In his 2015 book, The Most Good You Can Do, philosopher Peter Singer laid out this utilitarian case for radical philanthropy—not just for billionaires, but also for ordinary middle-class people who happen to have more money than they need for food, clothing, and shelter. Once we expand our moral understanding to encompass all human beings, Singer asks, how can any of us justify spending, say, $450 on a vacation when that money could be used in Africa to permanently repair an obstetric fistula, a devastating condition that can turn new mothers into lifelong social outcasts.

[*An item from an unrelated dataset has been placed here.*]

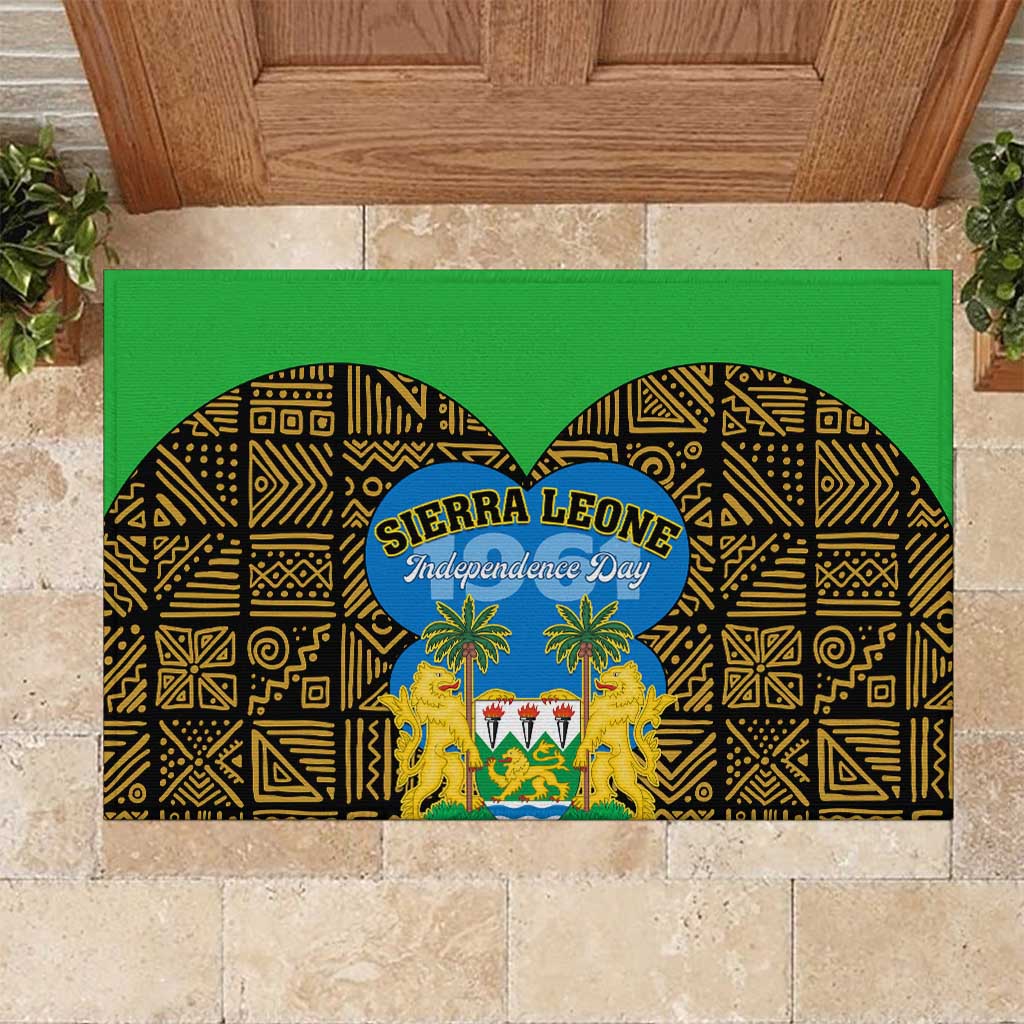 Sierra Leone Independence Day 2024 Rubber Doormat Happy 63rd Anniversary African Pattern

Despite such stark examples, Singer’s hyper-utilitarian philosophy is a hard sell—because few human beings can easily expand their moral universe beyond family and friends. Or as Singer himself puts it: We are limited by “developed instinctive responses that led us to help our kin and those with whom we could form cooperative relationships but did not favour helping distant strangers.” Not surprisingly, his data show that the most prominent altruists in our society tend to be those hyper-brilliant specimens who can overcome their genetic programming because they are “particularly strong in areas that require abstract reasoning like mathematics and computing”—a category that very much includes Zuckerberg, Gates, and Buffett.

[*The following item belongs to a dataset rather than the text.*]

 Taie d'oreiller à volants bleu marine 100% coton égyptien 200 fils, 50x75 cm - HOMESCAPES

But while these people are rare specimens, there is a multiplier effect at play here. Through their celebrity power, they are creating a competitive culture of giving that could eventually cause Singer’s creed to infiltrate the entire upper stratum of the North American plutocracy.
Zuckerberg, in particular, is a special case. Because he is a millennial and a social-media magnate, the Facebook creator is completely at home with the public, confessional style of the Internet. His impassioned, deeply personal manifesto about how a baby’s birth overturned his understanding of the world has gone viral. In a single week, he’s transformed himself from resented icon of dot-com privilege to a sort of global prophet. None of history’s great philanthropists had access to this kind of global megaphone.

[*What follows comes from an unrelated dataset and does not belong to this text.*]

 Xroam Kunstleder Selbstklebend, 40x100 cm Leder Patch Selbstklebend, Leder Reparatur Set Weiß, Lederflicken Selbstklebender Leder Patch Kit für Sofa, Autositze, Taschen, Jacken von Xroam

Among fellow billionaires, Zuckerberg’s grand gesture will encourage the realization that, once one passes a certain level of wealth, the prospect of accumulating more planes, more yachts, and more homes becomes pointless and gaudy. The only rat race the ultra-rich still run is the race for status within their club. Zuckerberg and other grand philanthropists are changing the rules for this club: What counts is what you give, not what you have.
Billionaires tend to be intensely competitive (which is why they invest in money-losing sports teams). This new status hierarchy harnesses the power of their ego for the betterment of humanity. The epic charitable donation could become the billionaire’s equivalent of a mic drop—that Youtubed moment when the world learns that a plutocrat like Zuckerberg is cashing in his chips. That he has more money than any human could need. That he’s evanesced into the saintly class of capitalism’s glory cult. In short, that he’s won.
In the late nineteenth century, steel magnate Andrew Carnegie—a prodigious philanthropist in his own time—declared that he who dies rich “dies disgraced.” Or as Zuckerberg might put it in more modern terms: What counts when you shuffle off this mortal coil isn’t the money, it’s the likes.